Friday, May 27, 2011

How much information is too much?

The discovery of a missing 18-month-old toddler in a dumpster in the 2300 block of South Jefferson this week certainly evokes strong emotional reactions. Anytime a child dies unexpectedly, the desire to know more can be unflagging. Many citizens want to know what the cause of death was, who could have committed such a crime, whether family members may have been involved, and the answer to any number of other questions. Those of us outside of the victim’s family and the police department investigation must turn to news outlets to get whatever information, albeit preliminary, that we can gather. Still, when does the flow of information become too much? Crossing a line between providing necessary and useful information and somehow just feeding a public desire for salacious details? 

Just such a question arose in the CVAC office in response to a photo linked from the St. Louis Post Dispatch story "St. Louis toddler found dead in trash bin was beaten, police say." That image shows the inside of a trash dumpster and is captioned, “MAY 25, 2011: After police left the crime scene Wednesday morning, garbage remained inside a [sic] alley trash bin in the 2300 block of South Jefferson Avenue where an 18-month-old St. Louis boy was found dead hours earlier.”
It is undoubtedly a fine line to walk when making decisions about language and images associated with horrible stories like this one, and it is also one where the freedom of the press to do their job is extremely important. The first question I would ask is why the image was taken in the first place, what potential news value it had. Assuming that the editors found value in the existence of that photo, the next decision is whether or not to include it in their coverage. In Covering Crime and Justice: A Guide for Journalists, the authors suggest a set of four questions to consider when deciding whether to publish potentially graphic or disturbing material. Allow me to apply those to this case:
1. Is this graphic detail necessary to tell the story?

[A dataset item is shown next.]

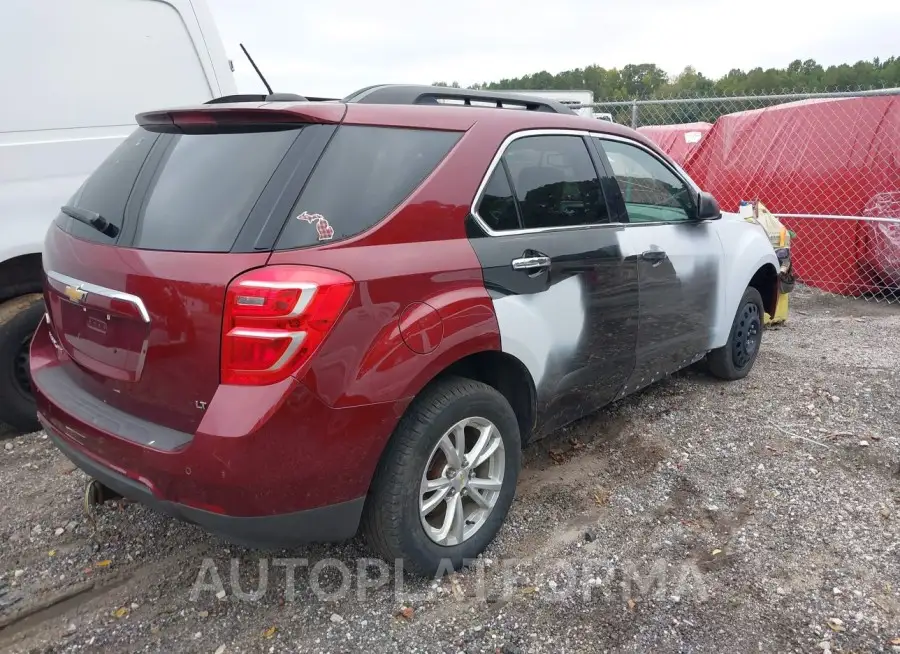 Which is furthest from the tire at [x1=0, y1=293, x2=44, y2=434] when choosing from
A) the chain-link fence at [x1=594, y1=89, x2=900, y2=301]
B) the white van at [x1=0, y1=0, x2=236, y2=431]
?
the chain-link fence at [x1=594, y1=89, x2=900, y2=301]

No, the majority of people have either used a dumpster or seen them enough to have a frame of reference for what the inside looks like.

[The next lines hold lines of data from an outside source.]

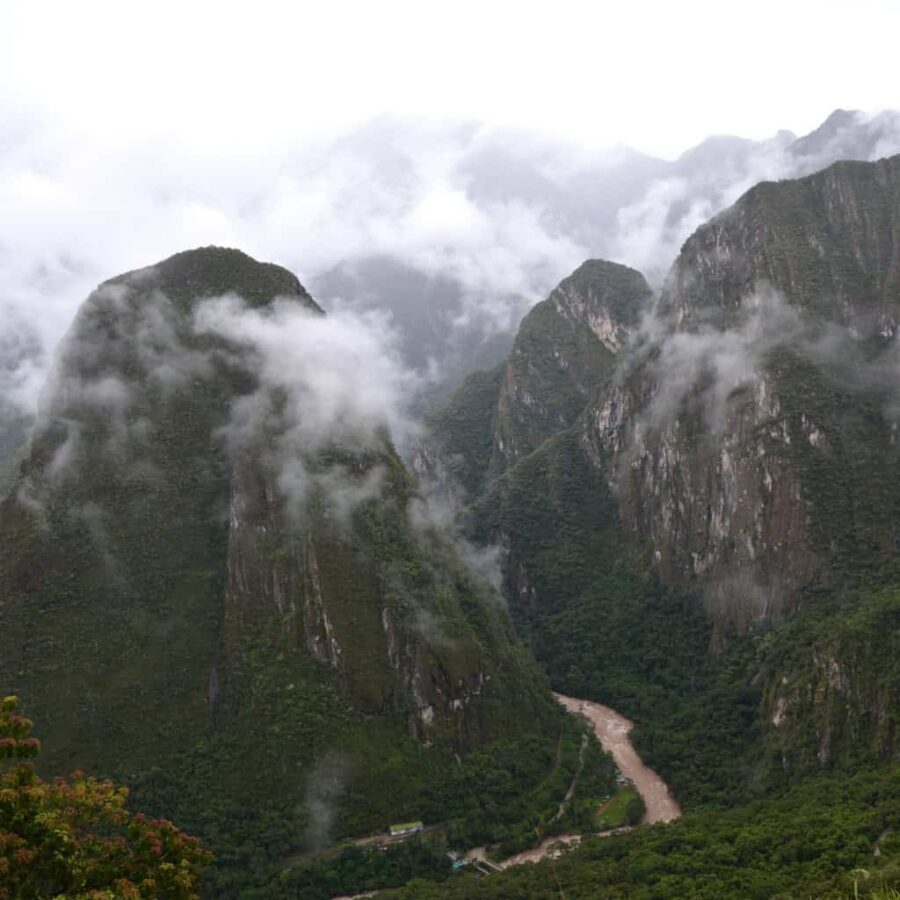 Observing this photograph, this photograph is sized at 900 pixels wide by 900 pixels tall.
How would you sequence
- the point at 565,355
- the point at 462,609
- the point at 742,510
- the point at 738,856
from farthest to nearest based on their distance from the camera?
1. the point at 565,355
2. the point at 742,510
3. the point at 462,609
4. the point at 738,856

2. Will this detail help the community at large?
No, the inside of that specific dumpster is of little relevance to community safety. As previously mentioned, many citizens already have a frame of reference for the inside of a dumpster.
3. Will readers or viewers be offended by such details?
Yes, it is possible.
4. Will the victim suffer more because of the details?

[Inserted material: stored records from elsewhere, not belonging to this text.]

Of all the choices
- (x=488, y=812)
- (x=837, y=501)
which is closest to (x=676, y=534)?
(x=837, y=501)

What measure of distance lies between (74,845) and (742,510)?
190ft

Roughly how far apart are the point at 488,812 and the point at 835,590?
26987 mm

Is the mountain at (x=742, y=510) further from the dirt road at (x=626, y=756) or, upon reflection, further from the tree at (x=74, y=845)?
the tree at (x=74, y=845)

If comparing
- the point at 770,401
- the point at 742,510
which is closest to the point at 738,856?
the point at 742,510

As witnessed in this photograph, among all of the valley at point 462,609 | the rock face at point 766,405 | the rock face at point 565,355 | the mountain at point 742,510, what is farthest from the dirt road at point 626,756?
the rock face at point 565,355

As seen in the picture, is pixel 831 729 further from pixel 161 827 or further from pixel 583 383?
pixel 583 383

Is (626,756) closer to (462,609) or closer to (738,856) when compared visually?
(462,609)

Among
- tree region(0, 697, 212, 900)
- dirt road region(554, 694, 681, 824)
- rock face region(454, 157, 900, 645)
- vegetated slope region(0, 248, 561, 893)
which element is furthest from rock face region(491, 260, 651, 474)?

Yes, if you consider the family of the deceased to be victims of the crime, as well. It is also possible that the victim’s family could find that picture now or in a future internet search. Having such a specific image of where their lost loved one was left could increase their emotional suffering. Families should have the decision of whether to view crime scene pictures either with the investigating officer or in court with a trained advocate, rather than accidentally coming upon it on a news site.
In my estimation, this test advises against posting this particular picture.